Sometimes people seek to offset their harmful behaviours. Counterfactual impact of donations is often used in offsetting calculations. This seems mistaken.
Assume the following situation:
1 dollar donation for an animal product reduction charity results in 1 animal spared from being born into factory farming.
Alice, Charles and Mike cooperate in this charity. The participation of all is indispensable for the outcome. So they each have a counterfactual impact on 1 animal.
If each of them were to assume to have offset one previous animal product consumption of theirs through this project, that would be triple counting. For this reason counterfactual values of donations shouldn't be used in offsetting calculations.
A better but still unsatisfactory approach would be looking at Shapley values. Here is a case where Shapley value is still unsatisfactory:
2 people cooperate on a project to spare one animal from being born. Participation of only one person is sufficient for the project to succeed. The counterfactual value of each participant is 0, Shapley value of each is 0.5.
Maybe min(Shapley, Counterfactual) would be a better benchmark for offsetting. But I’m not sure of this.
How much difference does this make?
Many effective charities tend to do institutional work. Institutional work often involves a lot people. In animal advocacy, welfare policies require mass support from the public. A petition easily gets more than 0.1 million signatures. 7.5 million people voted for Prop 12 in California.
However, the specific supporters from the public are less critical compared to the donor. Many projects wouldn’t start at all without donor support, whereas Prop 12 would still pass even if one fewer person voted for it.
Nonetheless, there are quite a lot of veto-players involved in institutional animal welfare work. Assuming that there are 8 distinct individuals/coalitions that have power to kill a typical animal welfare project, Shapley value might be an order of magnitude lower than the counterfactual value.

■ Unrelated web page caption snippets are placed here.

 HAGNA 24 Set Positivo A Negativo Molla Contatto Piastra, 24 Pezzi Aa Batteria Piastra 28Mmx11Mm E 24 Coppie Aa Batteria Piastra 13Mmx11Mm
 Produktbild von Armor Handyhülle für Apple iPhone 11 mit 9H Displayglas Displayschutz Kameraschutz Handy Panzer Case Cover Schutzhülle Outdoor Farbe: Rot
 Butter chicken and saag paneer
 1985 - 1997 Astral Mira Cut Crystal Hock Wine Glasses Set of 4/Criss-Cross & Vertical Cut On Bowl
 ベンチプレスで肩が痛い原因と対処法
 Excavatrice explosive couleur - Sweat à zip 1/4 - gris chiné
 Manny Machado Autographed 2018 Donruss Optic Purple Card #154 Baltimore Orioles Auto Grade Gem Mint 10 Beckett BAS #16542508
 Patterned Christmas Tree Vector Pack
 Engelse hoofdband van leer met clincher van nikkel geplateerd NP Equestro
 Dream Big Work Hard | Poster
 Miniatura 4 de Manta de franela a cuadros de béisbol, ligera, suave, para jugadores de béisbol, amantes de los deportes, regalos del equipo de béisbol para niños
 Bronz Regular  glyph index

I am wondering if assigning "moral credit" for offset purposes is too complex to do with an algorithm and instead requires context-specific application of judgment. A few possible examples:
Motivated reasoning is always a risk, and any moral-credit granting analysis is more likely to be underinclusive (and thus over-grant available moral credit to influences that were identified) than the reverse. In some or even many cases, it may be necessary to apply an upward adjustment on even min(counterfactual value, Shapley value) to account for these factors.
Thanks for this comment, it felt awkward to include all veto-players in Shapley value calculation while writing the post, now I'm able to see why. For offsetting we're interested in making every single individual weakly better off in expectation compared to the counterfactual where you don't exist/don't move your body etc. so that no one can complain about your existence. So instances of doing harm can only be offset by doing good. Meanwhile, Shapley doesn't distinguish between doing/allowing, therefore it assigns credit to everyone who could have prevented an outcome even if they haven't done any good.